7番は、何と言っても第一楽章と第二楽章が、雄大に大河が流れる悠久の歴史を思わせるかの如く美しい名曲です。

とりわけ第一楽章は、天国的なまでにひときわ美しい流れに圧倒されるでしょう。


コーダ(その楽章の最終部分)は、ピアノ(静かな音)で始まりゆっくりじわじわと盛り上がっていき、やがて全ての楽器によりフォルテッシモ(大きな音)で壮大に演奏される様は息を呑むほどの大迫力!

まさに「宇宙」を感じるほどに感動しますよ。



熱狂的なブルックナー信者である私の独断で第7番の名演をひとつに絞るなら、迷うことなくチェリビダッケ指揮の演奏を推薦します。

その理由はただひとつ。
「神の如く美しいから」


さて、ブルックナー信奉者の総攻撃を恐れずに書かせて頂くならば、交響曲第7番の1楽章と4楽章のそれぞれ後半部分は、入れ替えてもいいのではないかと、つねづね思います。

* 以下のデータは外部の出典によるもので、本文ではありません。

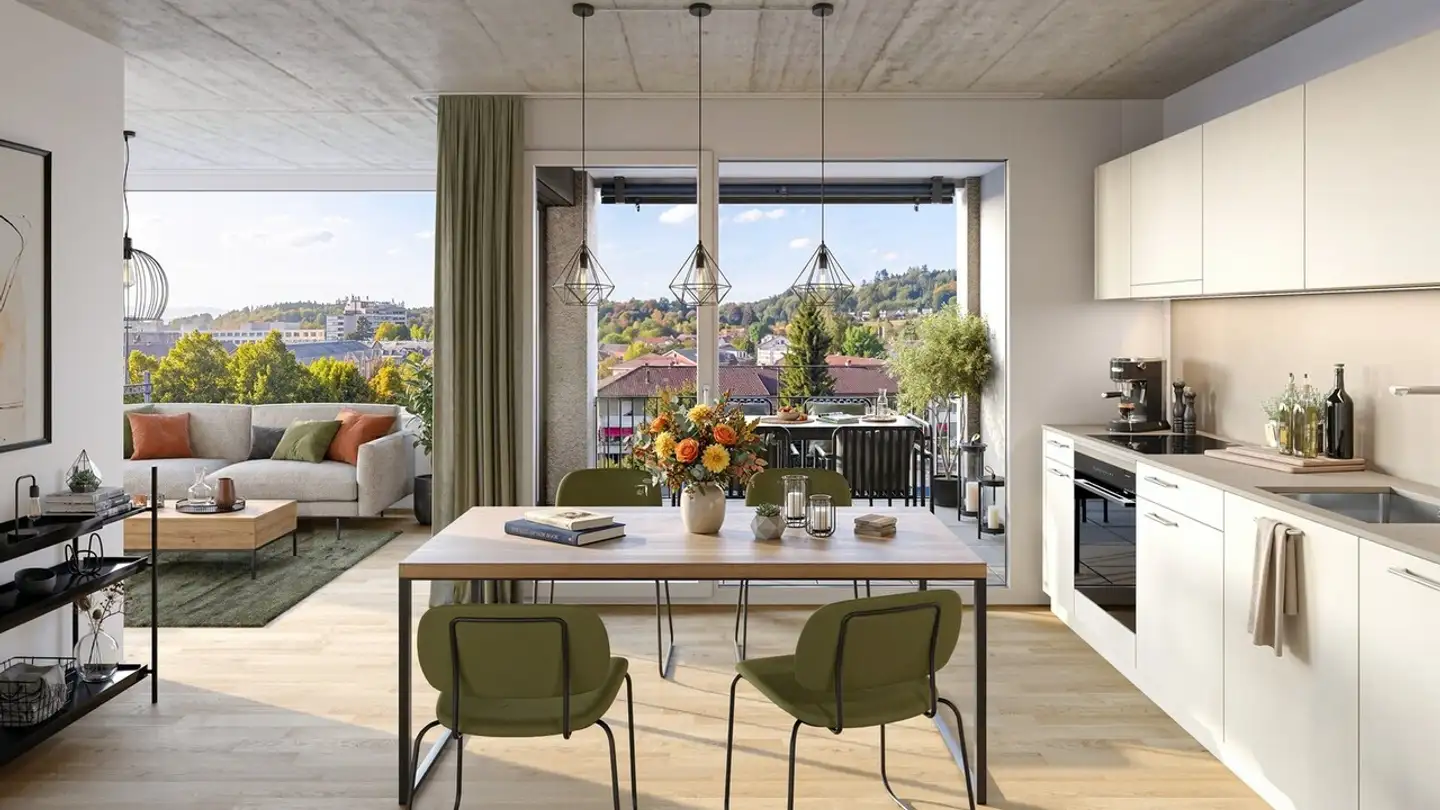 Appartamento in affitto - Lyssachstrasse 50a, 3400 Burgdorf - Foto 2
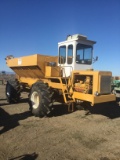 Sweco Self Propelled Bankout w/ Cab, Planetary Axles, Cat 3208 Engine, Folding Auger.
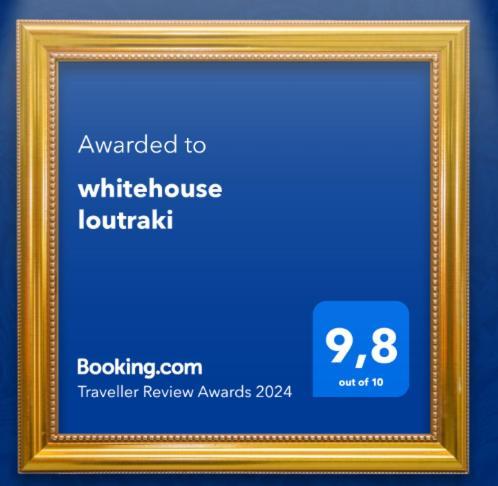 Whitehouse Loutraki Leilighet Eksteriør bilde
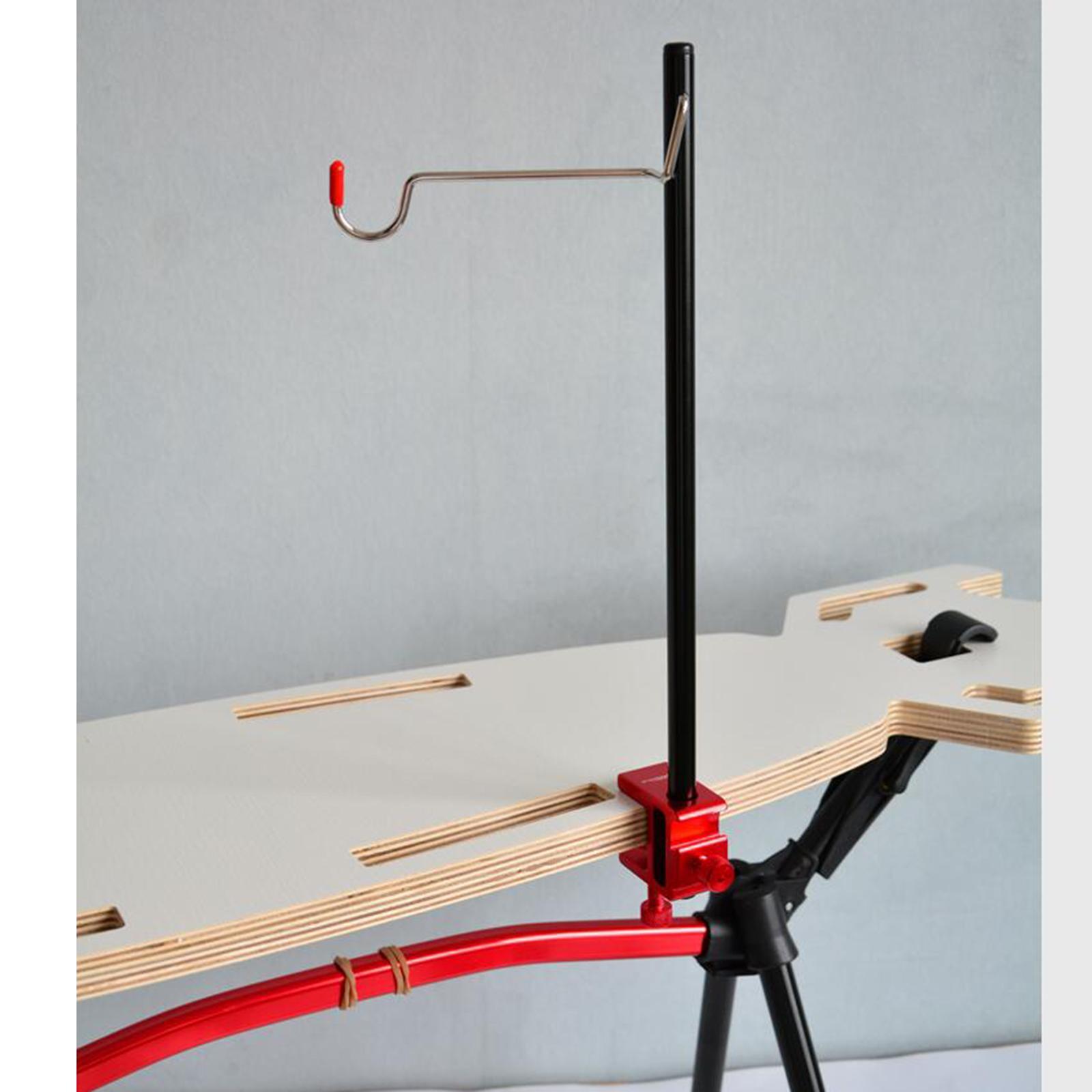 Camping Table Lamp Pole, Hanging Rack, Portable & Lightweight Lantern Light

と言うのも、7番の終楽章(4楽章)の終わり方は(指揮者によっても、かなりテンポが変わりますが)、テンポを早めに取った演奏の場合は特に、あまりにもあっさりと幕を閉じる雰囲気になってしまい、大交響曲には似つかわしくない終わり方になってしまうのです。

ブルックナーほどの大作曲家が魂を込めて書いた大作なので、私ごとき一介のブルックナーファンがとやかく言う事ではないのですが・・・
この全曲を最初から最後まで通して聴くと、常々そう感じてしまいます。

「そうそう!私もそう思う!」って方がいらっしゃったら嬉しいです。


ブルックナーの交響曲は全部で11曲!?

さて、ブルックナーの交響曲で一般的に広く聴かれていて有名なのが「ロマンティック」の副題が付いている交響曲第4番。

それと同じくらいに有名なのが、今回ご紹介する7番と8番そして9番の3曲で、いずれも1時間を超える大曲に仕上がっており、どれもが聴く者を感動の渦に巻き込む偉大なる傑作です。


「えっ?ブルックナーは全部で9曲の交響曲じゃないの?」と思われたかも知れません。

実はブルックナーは、最初に書いた交響曲には番号を付けておらず、また交響曲第1番の作曲後に書いた作品は、気に入らないけども捨てるにはもったいないとの事で、番号をあえて「0番」と名付けて世に出しています。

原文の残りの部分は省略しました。